Clinical appearance (ring-shaped lesions), KOH mount findings, culture confirmation. Sporotrichosis diagnosis requires fungal culture or PCR.

5.2 Imaging

MRI for CNS sporotrichosis. Ultrasound for deep fungal infections. Not routinely used for superficial infections.

6. MANAGEMENT & TREATMENT

Topical antifungals (selenium sulfide, ketoconazole) for Malassezia. Terbinafine, itraconazole, or efinaconazole for dermatophytes. Itraconazole or terbinafine for sporotrichosis. Systemic azoles for severe candidiasis. Long-term maintenance therapy for chronic infections.

6.1 Treatment Algorithms

  1. Mild tinea: topical therapy. 2. Severe tinea: oral terbinafine/itraconazole. 3. Sporotrichosis: itraconazole (first-line), potassium iodide. 4. Onychomycosis: terbinafine (3 months) or efinaconazole (year).

6.2 Monitoring

Liver function tests for azole therapy. Monitor for drug interactions (e.g., terbinafine with anticoagulants). Follow-up for relapses (especially tinea cruris/pedis).

7. PROGNOSIS & COMPLICATIONS

Superficial infections are generally benign with good prognosis. Disseminated candidiasis and sporotrichosis have high mortality in immunocompromised hosts. Chronic onychomycosis may lead to nail loss and reduced quality of life.

7.1 Prognostic Factors

Immune status, infection severity, adherence to treatment. Early intervention improves outcomes for sporotrichosis.

7.2 Long-Term Effects

Recurrence of tinea cruris/pedis, chronic nail dystrophy, and psychological impact from cosmetic lesions.

8. SPECIAL CONSIDERATIONS

Pregnancy: Avoid terbinafine; use topical treatments. Pediatrics: Malassezia infections are common in children. Elderly: Increased risk of onychomycosis and candidiasis. Immunocompromised: Monitor for disseminated infections.

8.1 Drug Interactions

Terbinafine interacts with anticoagulants and cyclosporine. Itraconazole interacts with CYP3A4 inhibitors.

8.2 Pregnancy

Avoid terbinafine in first trimester. Use topical antifungals for Malassezia. Monitor for candidiasis in neonates.
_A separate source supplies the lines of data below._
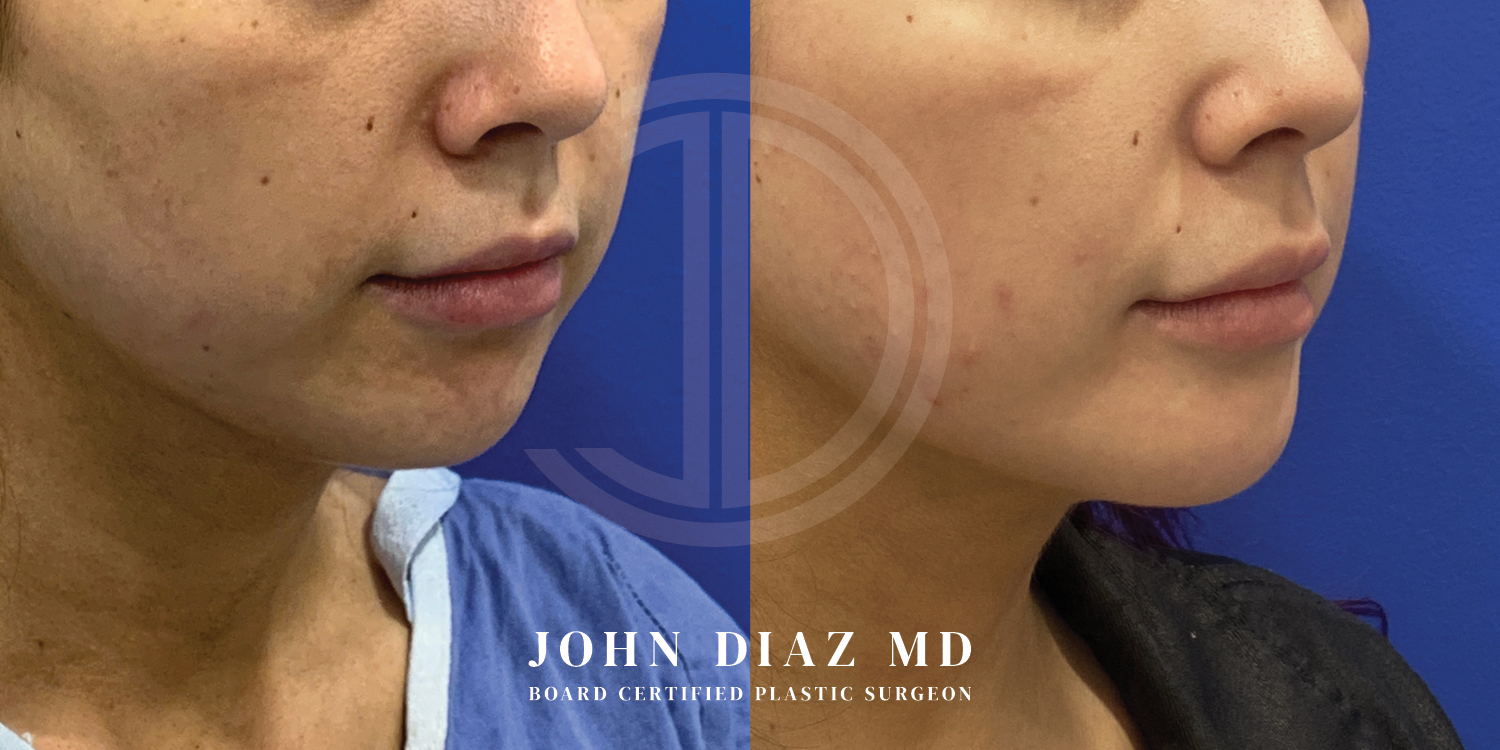Dr John Diaz Chin Augmentation Before and After | Patient 8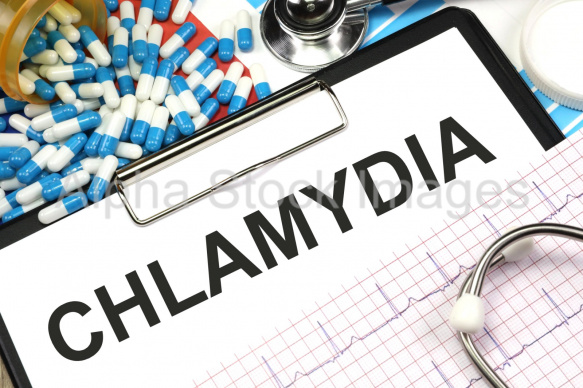 chlamydia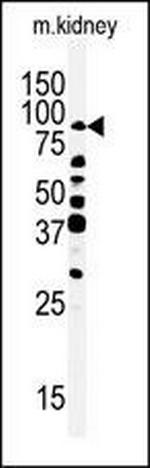 RIPK4 Antibody in Western Blot (WB)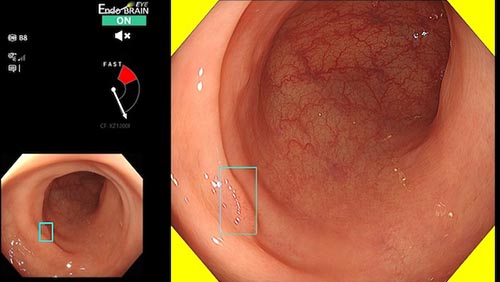 EndoBRAIN®-EYEによる病変検出支援の様子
9. KEY POINTS & CLINICAL PEARLS

  • Malassezia infections are treated with selenium sulfide shampoo and terbinafine.
  • Dermatophytes require oral antifungals (terbinafine, itraconazole) for extensive infections.
  • Sporotrichosis is diagnosed by fungal culture and treated with itraconazole or potassium iodide.
  • Onychomycosis is managed with terbinafine (3 months) or efinaconazole (year).
  • Monitor for drug interactions and liver toxicity with azole therapy.
  • Early treatment prevents dissemination in immunocompromised hosts.